Speaker 8 But when you're a child, you're like, well, why do we say something after someone sneezes, but not after they burp? Or, you know, like, why, why, like, you know, it seemed there's so.
Speaker 8 And then parents sometimes get very annoyed with the long list of why questions, because then they have to ask themselves these. And so I loved always looking at the things we do from the outside.
Speaker 8 And so that's sort of the impetus for the Strange Customs podcast.
Speaker 8 Like if you were an anthropologist from somewhere else, how would you explain, you know, marriage, anything from like marriage and, you know, rituals around birth to like April Fool's Day or, you know, I mean, Halloween is a perfect example.
Speaker 8 I think it's that. And I'm also really interested in customs and traditions because as a non-religious person, I still want to mark time and process change.
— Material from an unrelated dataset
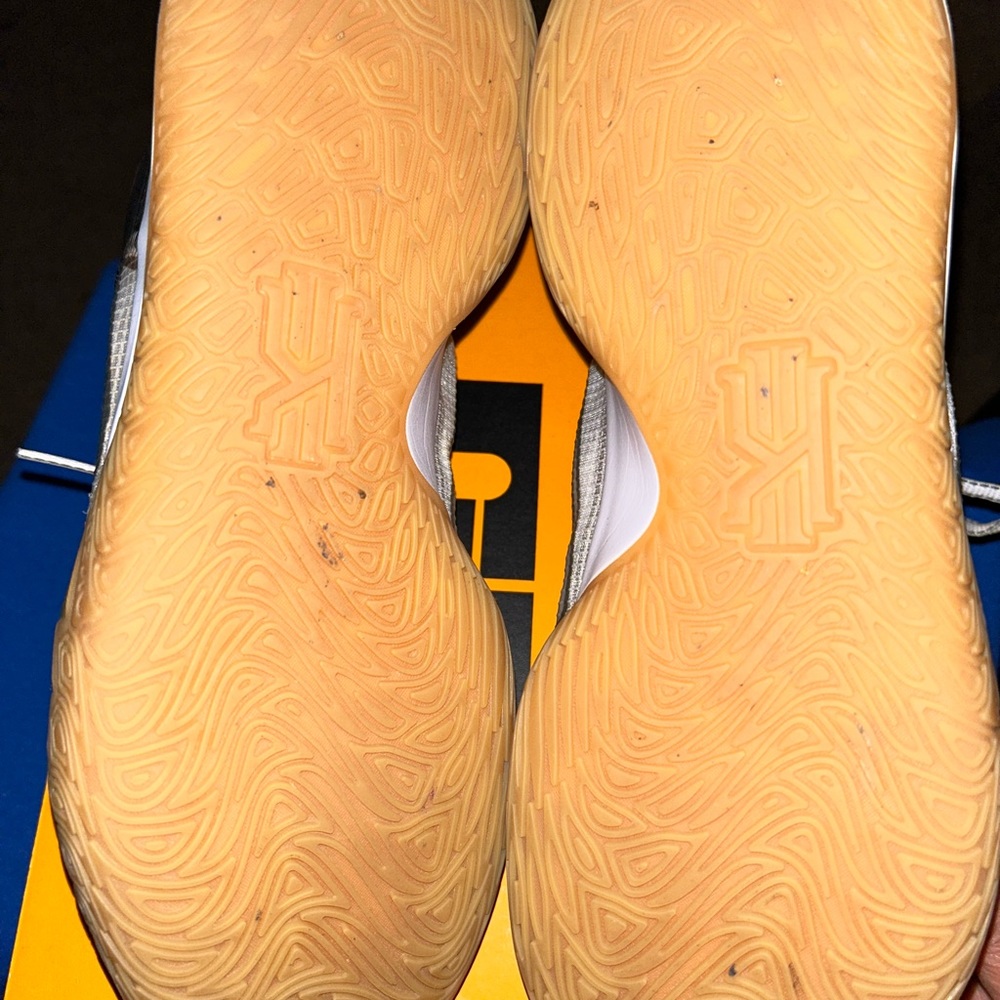 Kyrie Flytrap 4 'Black Cool Grey - image 4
Speaker 8 And I still, you know, want to grieve when someone dies and like got married and had a wedding.
Speaker 8 And like, when the seasons change, I want to have a celebration, but I don't have the infrastructure of religion. So how do we do that?
Speaker 2 There's a, I think there's a distinct difference between ritual and spirituality when it comes to our species.
Speaker 8 Right.
Speaker 2 Do you think it's connected? Do you think it's there's a like we as a as a like like a primate, we must have rituals?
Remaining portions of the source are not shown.